Sorry for your loss OP.

>tfw my personality disorder developed from an early age will always hinder my interpersonal relationships

I've lost women who I would've been willing to spend my life with because of my mental illness and their inability to deal with it. I hate myself to a point of frequent self-destruction and frequent suicidal idealisation.

>inb4 edgy

we're all gonna make it somehow

youll get over her. it took me a while but she will become a nice memory and youll be ok with it. i got to bury mine which gave me some closure.

OHP is still mostly upper body based. squeezing your glutes will give you a stable base to lift from so you dont have to worry about your lower body. you will work your abs some to help your torso stay upright tho.

i totally feel you on the corona. im drinking a little too. i feel like giving up for a different reason but thats not gonna solve anything. just keep on trucking and focus on what you have, not what you dont.

bpd?

OP here, thanks for all that reply. It honestly feels good to talk to you guys, even the trolls, if they appear. I don't have many friends since I've gotten out of the military.

Also, my workout today is in memory of your little lady.

OP here, dont give up. The world has too many prejudices and not enough people willing to open their mind and hearts. Keep pushing and we're all going to make it. Promise. Just dont give up. Im still learning myself

Broke up with my gf of 3 years because she cheated on me.

sleep tight, pupper

you made the right choice. if my father ever taught me anything, its that once you cheat, youll cheat again.

yeah, good ol' borderline

Thanks bro, the support always means a lot

>tfw also drinking

As long as we can keep our hearts open we can keep going, sorry about your dog, again. my family had a Pomeranian that was a little shit but she grew on you after a while. She died in her sleep two years ago and my sister - whose dog it was for the most part - still hasn't really recovered. She lived for about 14 years.

Yeah in fact, everytime I put on my weightlifting shoes (home gym master race reporting) she would flip shit and if she saw me do that + add my earbuds in she knew it was gains time. Swear to God it was like losing a legitimate best friend

Love my old dog so much but I know this day looms for me too.

Stay strong bro. Lifting for pupper today.
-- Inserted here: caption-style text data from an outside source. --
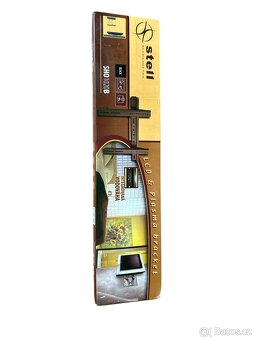 Držák na TV Stell SHO 1020B – nový, nepoužitý - 2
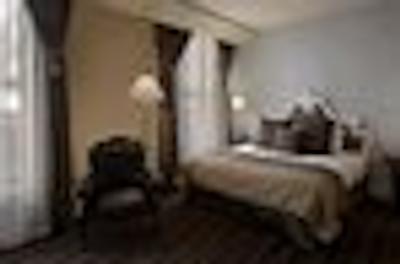 کیمپتون آلکسیز هتل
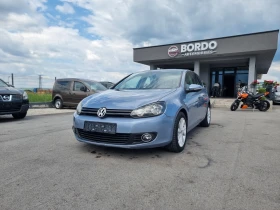 VW Golf 2.0TDI, снимка 2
>The 1970's Venice beach bodybuilding subculture is dead
>You will never eat a breakfast of a shitload of oats and eggs and then walk into the gym at 10am
>You will level lift with Schwarzenegger, Katz, or Columbo
>You will never get tips and horse around with Arnold
>You will never go out with the guys to eat a massive amount of bbq down the street, hitting on women and flexing as you walked, the wind curving over your muscles as you forced you way down the street
>You will never taste the salt of the pacific in your sweat as you pump out your final set with Columbo spotting you
>You will never finish your workout at 6pm, the golden rays of the California sun reflecting off of you, making you look like a god as you walk out of the gym and onto the beach
>You will never travel the world to compete in body building competitions against greats of your era
>You will never win Mr. Universe and party with your bros after the competition, smoking weed, fucking models, and eating fried chicken until 5 in the morning

>Gold's Gym is now literally no better than fucking Planet Fitness
>Fat Acceptance is growing everyday
>Numales are taking over, erasing away the muscled greats of the past

Anyone else feeling here?

This last year I've been crawling out of some deep depression, coupled with a handful of other colorful brain problems. It's been like trying to climb out of a pit - your fingers dig into the mud, you claw your way forward, and then you slip and fall.

You're back at the bottom, worse for wear, and now you have to start the climb again.

I was super massively obese, and recovering from a shoulder injury left lifting routines a moot point - I would lose 30 pounds and then gain 20, I'd manage a string of sessions and then fuck my shit up.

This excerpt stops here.